I feel like I blinked and September showed up. I seem to have mixed feelings about this time of year – feelings that probably stem from all my past September memories. What does the end of summer remind you of?
When I was young, the end of summer meant…
Back to school shopping, pulling out the fall jackets, and coping with the nervousness of the first day of school.
As a teenager, I associated the end of summer with all of the above minus the nervousness. Instead, that was replaced by the excitement of seeing my friends again and the thrill of meeting new boys. (Yes, sadly I was one of those girls in high school.)
The end of a relationship that I didn’t handle very well. And when I say “I didn’t handle it well,” I mean I kept a calm composure among our circle of friends, but mentally I murdered his ass 3 times in 3 very gruesome ways.

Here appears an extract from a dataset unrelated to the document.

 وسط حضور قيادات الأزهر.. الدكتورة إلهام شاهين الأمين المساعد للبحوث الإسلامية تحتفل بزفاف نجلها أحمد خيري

Our summer fling was short lived, but he gave me all the butterfly feelings you hear about in those cheeseball love songs. Then out of the blue, he went back to his ex-girlfriend, which I learned after seeing them make out on the beach. So for a little while, September reminded me of him.
In my early 20s, September made me think of…
New beginnings, starting college, meeting new people, forgetting about that summer fling, and being on the cusp of young adulthood.
Then for 5 years, September reminded me of conventions.
At my old company, September was the busiest time of the year, preparing for our annual convention. I associated the end of summer with late nights at the office, racing print deadlines, and sleeping with my phone on my chest just so I can hear when an email arrived in my inbox. It was exhausting.
Now the start of September is when I try to remember my husband’s birthday.
Just kidding, I know when his birthday is… I think.
Every year when this month rolls around, I can’t help but think back to all those feelings September gave me. Funny how life experiences can tattoo certain seasons and emotions with memories you bury in your mind.
Anyways, what does the end of summer remind you of?